I am going to refer to the different planes and vectors seen on the image as fallows.

The red right page (with the script "N'T STAND IT!") will be called $r$. The red left page (with the script "BIG FROG CA") will be called $l$. The green left hand side of the frog will be called $gl$ the green right hand side of the frog will be called $gr$. When the pop up book is open then $l$ and $r$ coincide, $gl$ and $gr$ are perpendicular to $l$ and $r$, respectively. $gl$ and $lr$ intersect in a line perpendicular to the open book when $l$ and $r$ coincide.

$a$ $b$, and $c'$ are unit vectors on the common lines of $r$ and $gr$; $l$ and $gl$; and $gl$ and $gr$, respectively. $c'$ is perpendicular to $a$ and $b$ when the book is open, i.e. when the two red pages $l$ and $r$ coincide.

The next figure simplifies the two red and the two green pages. The upper figure depicts the fully open book.

enter image description here

Let $\alpha$ characterize the two vectors $a$ and $b$ when the book is flat open.

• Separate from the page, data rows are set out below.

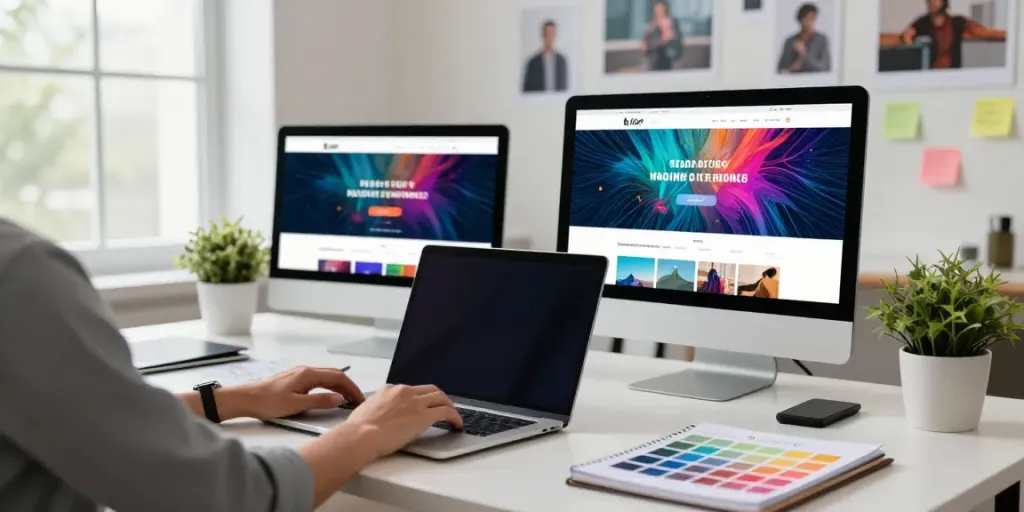 Professioneller Webdesigner bei der Arbeit an kreativem Webdesign Saarland mit inspirierenden Materialien.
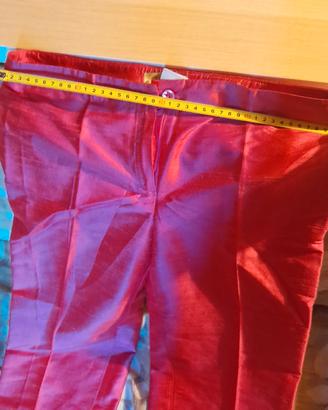 pantalone raso rosa fucsia 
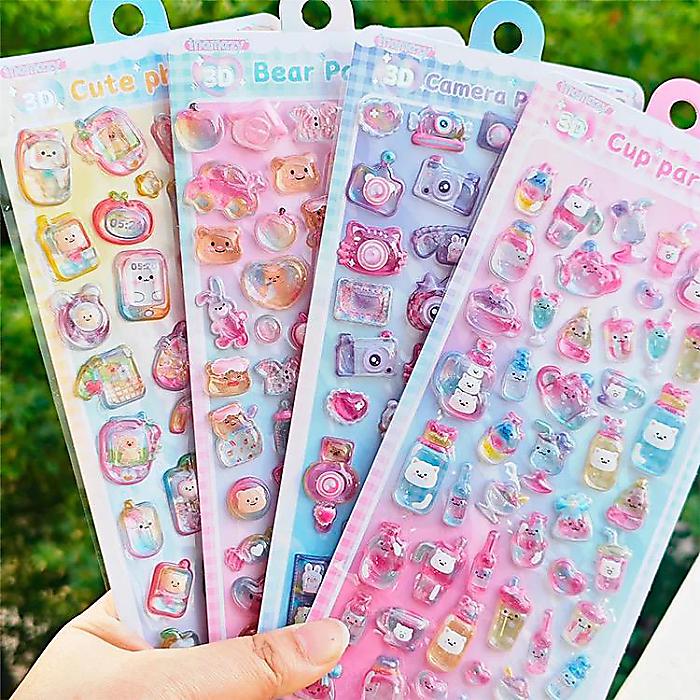 ボンボンドロップ風 ぷっくり立体 デコシール 4枚セット 透明感 3D レリーフ デザイン くま・カメラ・カップ・パーティ モチーフ (手帳デコ・スクラップ・日記・DIY用)
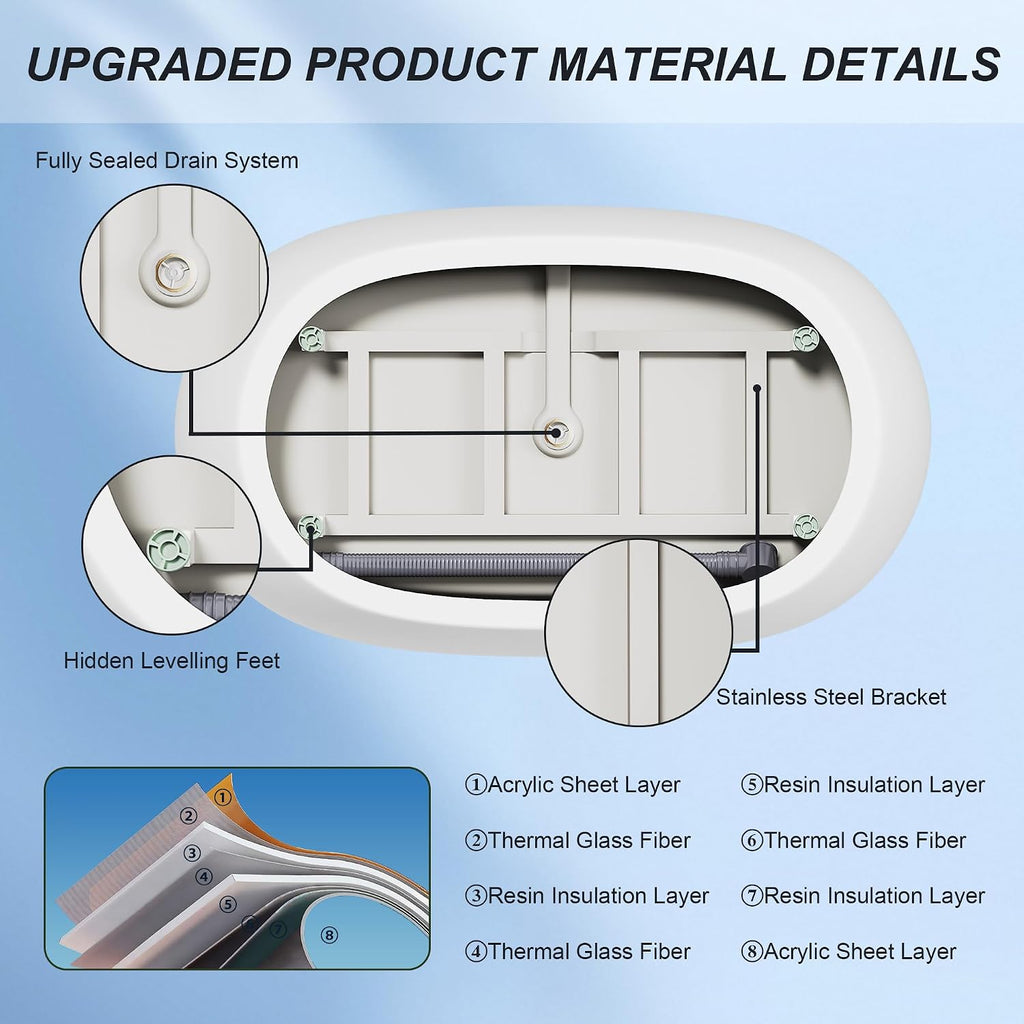 47' Freestanding Bathtub, Oval Soaking Tub with Chrome Overflow & Pop-Up Drain, CUPC Certified, Double-Walled Insulation, Modern Freestanding Tub for Bathroom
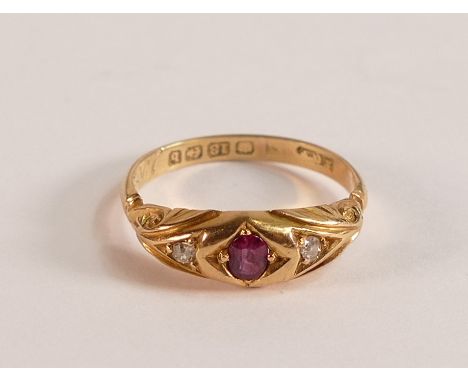 Antique 18ct gold ruby &amp; diamond ring, size M,2.6g, in original leather box.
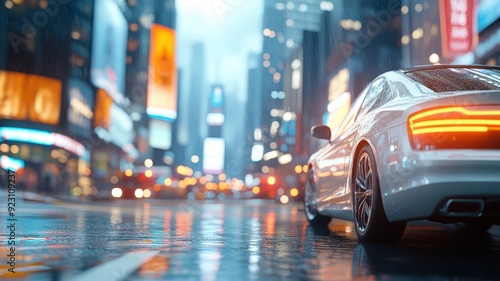 A city street with people and vehicles in vibrant motion blur, capturing urban energy and colorful lights.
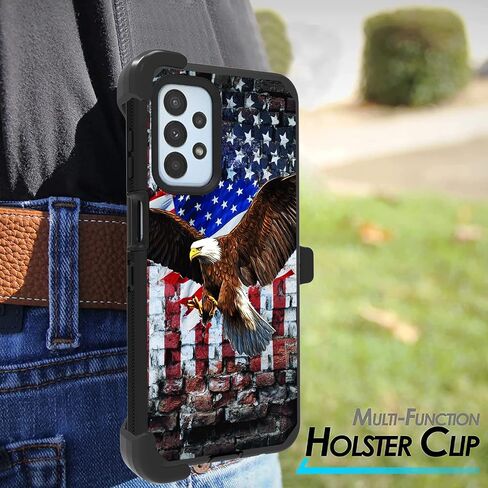Belt-Clip Holster Case for Samsung Galaxy A23 5G 2022, Heavy Duty Triple-Layer Protection Full-Body Rugged Shockproof Durable Cover Cases for Galaxy A23 5G, Patriotic Eagle USA Flag in Kuwait
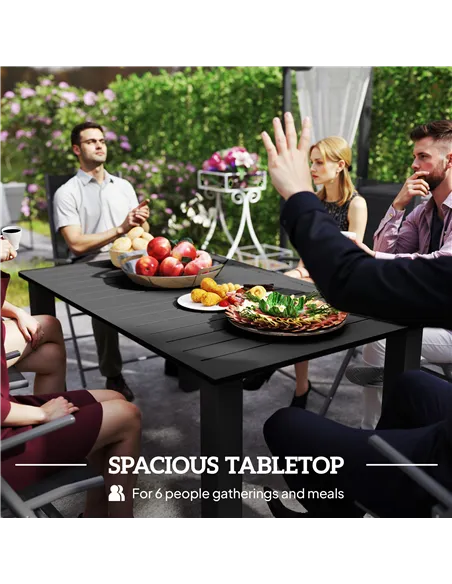 Outsunny Garden Table with Parasol Hole for 6 Person, Rectangle Outdoor Dining Table with Slatted Metal Tabletop, Steel Frame fo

Let $\beta$ characterize an in between situation when the two red pages do not coincide. At the beginning $\beta=0$.

Let's fix our coordinate system as shown above. Now,

$$a=\begin{bmatrix} \cos(\alpha)\cos(\beta)\\ \sin(\alpha)\\ \cos(\alpha)\sin(\beta). \end{bmatrix}$$

and

$$b=\begin{bmatrix} -\cos(\alpha)\\ \ \sin(\alpha)\\ 0 \end{bmatrix}.$$ Vector $c$ is perpendicular to the flat red plane when the book is flat open; it is perpendicular to $a$ and $b$. And, $c$ remains perpendicular to the plane determined by $a$ and $b$ while the book is closing or, in other words while $\beta$ goes from $0$ to $\pi$. This is because $c$ and $a$, and $c$ and be are rigidly connected to each other. See the model

Let $c$ be a vector pointing in the direction of $c'$. For $0\le \beta \le \pi$

$$c=a\times b= \begin{vmatrix} i&j&k\\ \ \cos(\alpha)\cos(\beta)&\sin(\alpha)&\cos(\alpha)\sin(\beta)\\ -\cos(\alpha)&\sin(\alpha)&0 \end{vmatrix}=$$ $$= \begin{bmatrix} - \sin(\alpha)\cos(\alpha)\sin(\beta)\\ \cos^2(\alpha)\sin(\beta)\\ \sin(\alpha)\cos(\alpha)(1+\cos(\beta)) \end{bmatrix}.$$

My solution will be rather sketchy from this point on.

Watch out: $c$ is not a unit vector and $\lim_{\beta \rightarrow \pi}=0$ which result is misleading. So, let's normalize $c$ and, obviously $c'$, mentioned above, is its normalized version.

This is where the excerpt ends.